Section 1 of the bill would amend existing law to provide that dividends and interest declared by an insurance company whose net premium receipts are subject to the 2 per cent premium tax imposed by section 6 of title II of the District of Columbia Revenue Act of 1937 (D.C. Code, sec. 47–1806), shall not, when paid to a parent corporation, be considered as income from sources within the District and thus subject to the District's franchise tax. Section 2 of the bill would make this amendment retroactive to all taxable years ending after December 31, 1969, thus enabling corporations which have paid franchise taxes on such dividends during those years to refunds thereof.
Present District of Columbia tax laws impose an income or franchise tax upon corporations for the privilege of carrying on or engaging in trad or business within the District and of receiving other income derived from sources within the District. An exception to this general requirement (D.C., Code, sec. 47–1580) provides that the amount received as dividends by any corporation from a corporation subject to payment of such income or franchise tax shall not be treated as income from sources within the District. Domestic insurance companies, however, are not taxed under the District's income tax laws, but rather pay a net premium tax in lieu of the franchise tax.

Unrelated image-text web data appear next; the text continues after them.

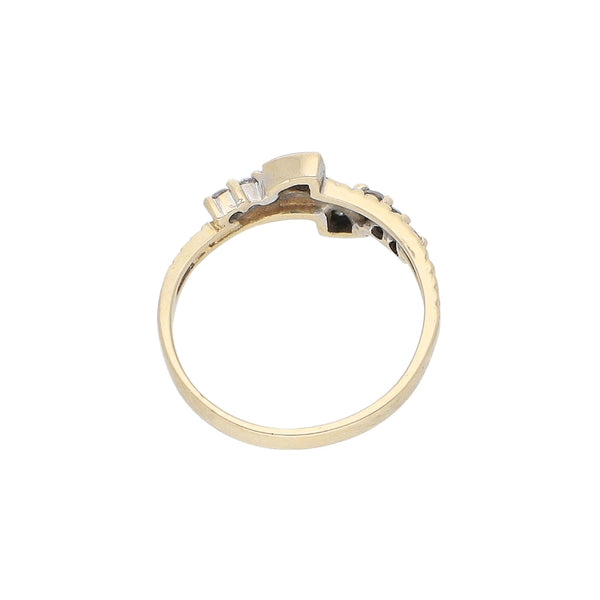 Anillo diseño especial con diamantes en oro amarillo 14 kilates.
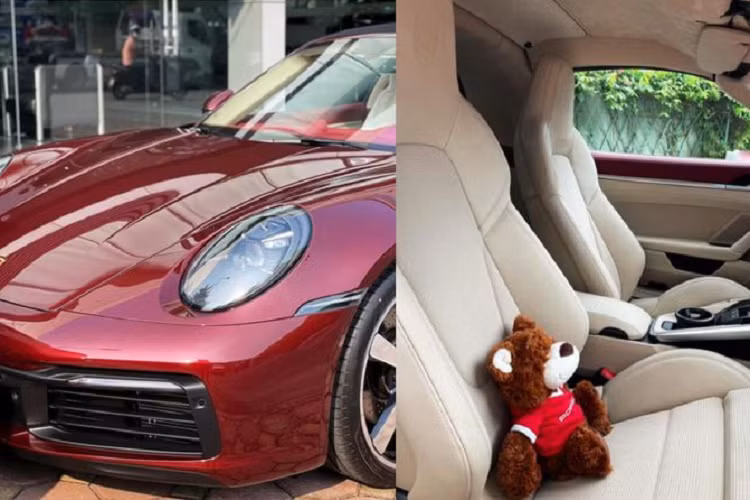 Chiếc Porsche 911 Targa 4S Heritage Design mới được bàn giao cho vị đại gia Hà Thành vào đúng ngày Hà Nội kết thúc chuỗi ngày giãn cách dài 2 tháng nên con số 921 lại càng ý nghĩa hơn nữa.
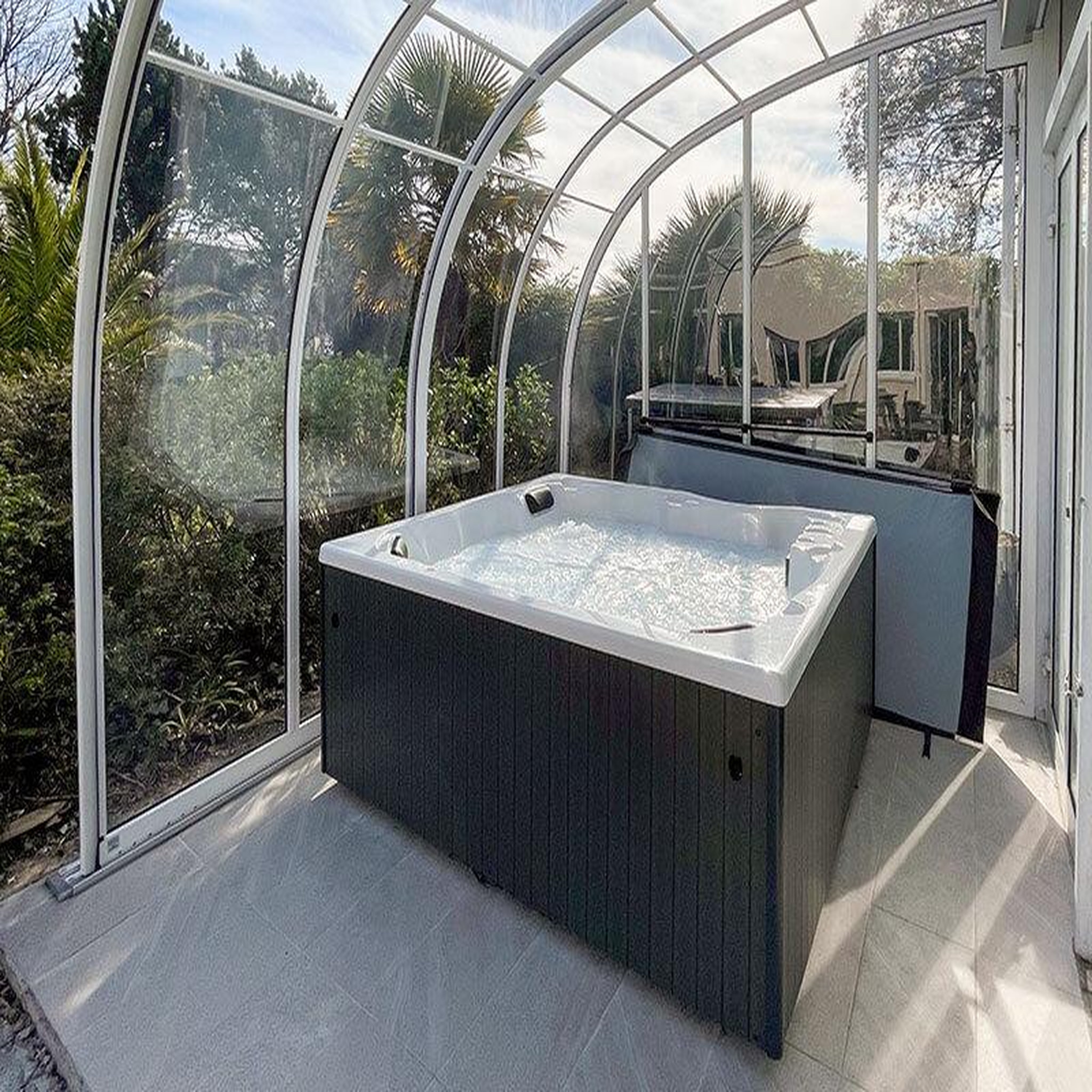 Voir la diapositive 4 : Smartbox 2 jours en hôtel avec accès au bain bouillonnant privatif près de lannion - coffret cadeau séjour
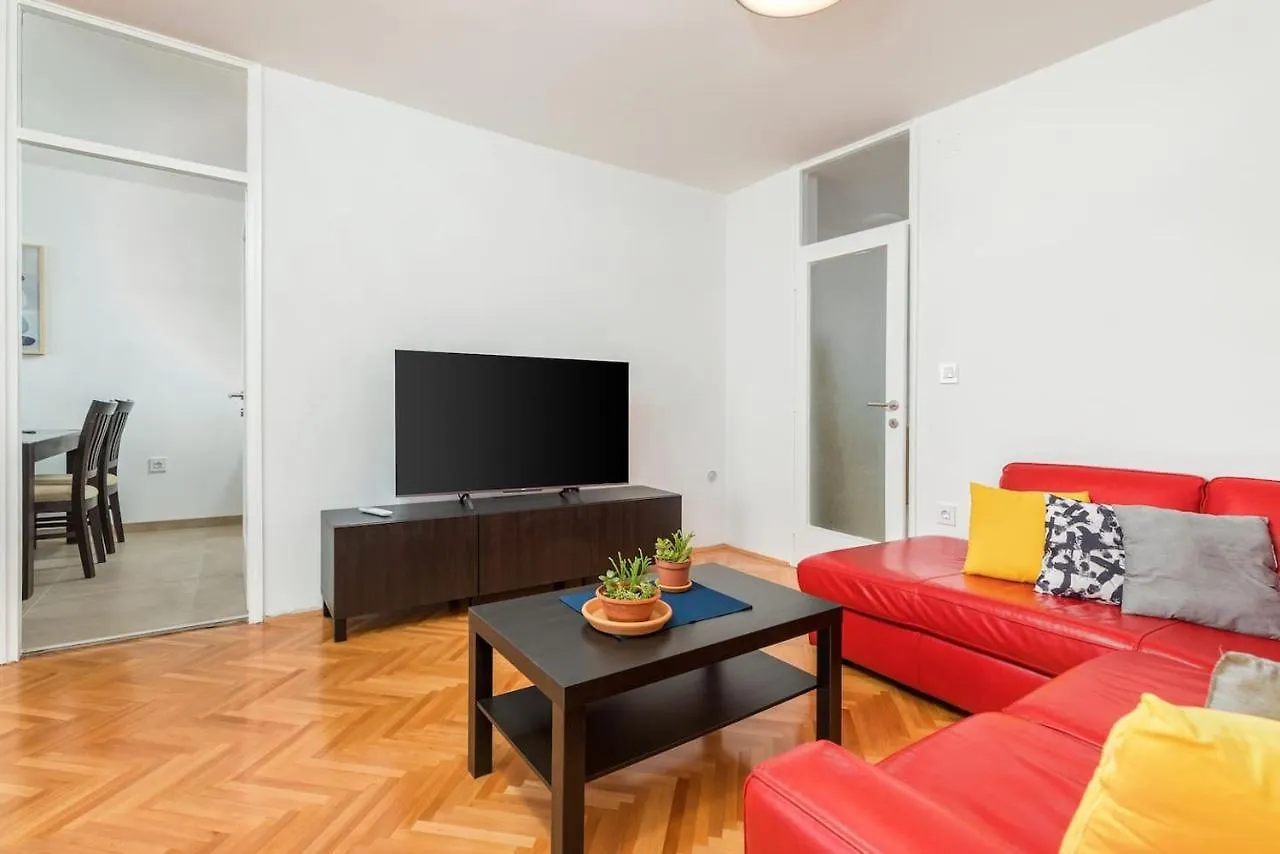 Sunny Aura Beach Apartment - Spacious And Bright, With Parking Pula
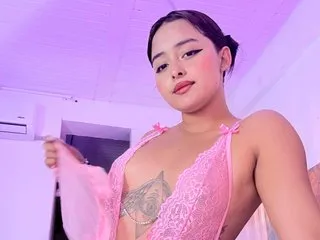 Live sex webcam photo for KimVelezz #7739252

Accordingly, this exception to the franchise tax law has been construed as inapplicable to certain dividend and interest payments made to corporate stockholders by local insurance companies.

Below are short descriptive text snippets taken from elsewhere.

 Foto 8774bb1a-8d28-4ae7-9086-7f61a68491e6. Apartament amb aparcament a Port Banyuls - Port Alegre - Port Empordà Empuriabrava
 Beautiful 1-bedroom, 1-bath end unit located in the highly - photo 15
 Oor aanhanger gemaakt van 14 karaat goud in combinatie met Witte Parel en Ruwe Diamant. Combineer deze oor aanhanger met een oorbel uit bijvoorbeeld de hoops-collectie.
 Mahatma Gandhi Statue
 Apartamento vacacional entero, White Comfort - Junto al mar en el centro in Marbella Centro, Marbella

The contention that under existing law dividend income, depending upon its source, receives unequal treatment in that parent corporations or holding companies need not pay taxes on such dividends when the subsidiary or paying corporation is subject to the District's franchise tax is understandable and not unreasonable from an equity standpoint. It must be pointed out, however, that enactment of H.R. 6186 would result in immediate revenue loss to the District Government and a potential greater loss in future years. The precise amount of such revenue loss is difficult to estimate since it appears that the existence of this tax liability has in some cases inhibited local insurance companies from declaring dividends which would become subject to taxation as income from sources within the District. However, under the retroactive provisions of section 2 of the bill, one corporation alone would be eligible for a refund of approximately $165,000 for taxes paid in 1970 and 1971.

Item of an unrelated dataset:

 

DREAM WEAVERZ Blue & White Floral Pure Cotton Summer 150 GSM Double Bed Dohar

Because of the inequities which, under certain circumstances, may result in the double taxation of dividends and interest distributed by insurance companies to corporate stockholders, the District Government is not opposed to the enactment of section 1 of H.R. 6186. We are, however, constrained to object to the passage of section 2 of the bill in view of its impact upon District revenues. The financial loss to the District which would result from the refund of those portions of the franchise tax attributable to dividends and interest paid to corporations by local insurance companies in 1970, 1971, and 1972 is considerable and may seriously affect the District's ability to fund public services in the fiscal year beginning July 1, 1973, if the full amount of such tax reimbursements is required to be made in that year.
We recommend, therefore, that section 2 of H.R. 6186 be deleted.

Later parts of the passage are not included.